El vuelo del espíritu.
El 31 de julio de 1729 fue un día inolvidable para el H. Hoyos. Todos los años, cuando esta fecha se renueva, brilla el sol con fulgor inenarrable en las casas de Jesuitas, como si el “ad majorem Dei gloriam”[1] resonase en la mitad del verano con las campanillas de todos los frutos recogidos por la Compañía, a lo largo de la historia. Parece que S. Ignacio baja a la tierra para pasearla otra vez poquito a poco, pasando revista a sus aguerridos batallones. El Jesuita fortalece ese día el indeclinable propósito de ir luchando siempre, a imitación del gran apóstol de Loyola, hasta consumirse en el servicio de Dios.
Por esta época, el P. Hoyos no pensaba todavía en reñir grandes batallas. Dieciocho años no cumplidos, alumno de Filosofía, tallo tierno y en riego, aún no podría presentarse ante su Padre con el rostro cubierto de polvo en el caminar del apostolado para pedir robustez en sus afanes. San Ignacio para él era más que capitán, sencillamente, padre amoroso.
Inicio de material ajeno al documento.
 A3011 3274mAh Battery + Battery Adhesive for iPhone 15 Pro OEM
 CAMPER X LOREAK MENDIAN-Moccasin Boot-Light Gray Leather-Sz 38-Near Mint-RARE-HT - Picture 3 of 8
Y así, en ese verano de 1729, ardientemente seco, el 31 de julio fue para el P. Hoyos, jardín florido y lago risueño.
El desposorio.
A la hora en que por los caminos de Medina, esponjosos como almohadas de polvo iluminado, lanzaban al viento sus canciones de madrugada rudos campesinos y graciosas espigadoras, junto en el rastrojo los granos de trigo y las perlas del rocío, acercábase él a comulgar y hubo de detenerse porque se le marchó el sentido tras una deliciosa armonía musical que cantaban los ángeles en honor de S. Ignacio, con estas palabras como letrilla: “Fuego vine a traer a la tierra; ¿y qué quiero sino que se encienda y abrase?”. Pasada la primera impresión de arrobamiento y, cuando después de comulgar, estaba dando gracias, tuvo una visión de las más memorables de su vida.
Vio a Jesucristo, bellísimo de maravilla, que traía en sus manos un collar de oro muy precioso, con una cruz de la misma materia. Púsoselo en el cuello y le dijo estas palabras: “Tu Padre te dará la ley de mis esposas”.
Desaparecido el Señor y sumergido el H. Bernardo en incomprensibles dulzuras, le pareció que su espíritu, arrebatado de fuerza superior y divina, iba subiendo poco a poco hasta el cielo y vio a S. Ignacio. Estaba vestido de sacerdote: era blanca la casulla y matizada de hermosas labores y rica pedrería; el alba, de una tela tan admirable, que mostraba bien no ser cosa de por acá. En un hermoso libro que tenía abierto en sus manos, leyó las siguientes palabras escritas con letras de oro: “Esta es la ley de las esposas de Dios: amar a Dios con todo su corazón, y no admitir afecto de cosa creada sino en Él”.
Seguridad ante todo.
Esta visión representa con mucha claridad lo que podríamos llamar momento espiritual del H. Bernardo. Ha llegado ya a una altura insospechada. Su alma navega a toda prisa empujada por místicos dulzores. Canta y reza sin esfuerzo. Suspendido en Dios, mira las cosas de la tierra con suprema indiferencia. Él mismo advierte el rumbo que ha tomado, maravilloso en extremo, y se orienta con la brújula de una vida espiritual cada vez más vigorosa y substantiva. Hay que asegurarse de que no es el enemigo el que anda por el medio engañándole con torpes ilusiones.
Tanto más cuanto que hacía pocos días, efectivamente, el demonio había procurado turbar su sosiego, irritado de ver lo mucho que le favorecía el Señor y lo que adelantaba en el camino del espíritu.
Ello fue una mañana en que, al hacer oración, oyó una voz que le decía: “¡Ámame!” Con cierto ímpetu y humareda de consuelo insustancial: “Ámame, Bernardo, ámame; que todo soy amable”. Más enseguida, trocóse la complejidad en certidumbre de que aquél no era el Señor, al experimentar, a vuelta de la ficticia y pueril consolación del principio, una inquietud y desasosiego, como jamás sentido había. Y el demonio huyó.
Ahora no. Ahora estaba seguro, en cuanto un hombre puede estarlo, de que la mano de Dios era quien iba arrojando la luz del consuelo en el campo de su alma. Tomaba a esta por esposa, porque así se lo había prometido hacía poco tiempo en otra de aquellas gratísimas visiones.
Por lo cual, él mismo escribe con valiente humildad: “No puedo dudar de la verdad de estos favores; lo uno por los efectos que en mí producen; lo otro, porque tales favores están fuera del poder del enemigo, y la imaginación es grosera para formar por sí en mil años lo que aquí vivió en poco tiempo”.
[1] “ad majorem Dei gloriam”: “a la mayor gloria de Dios”.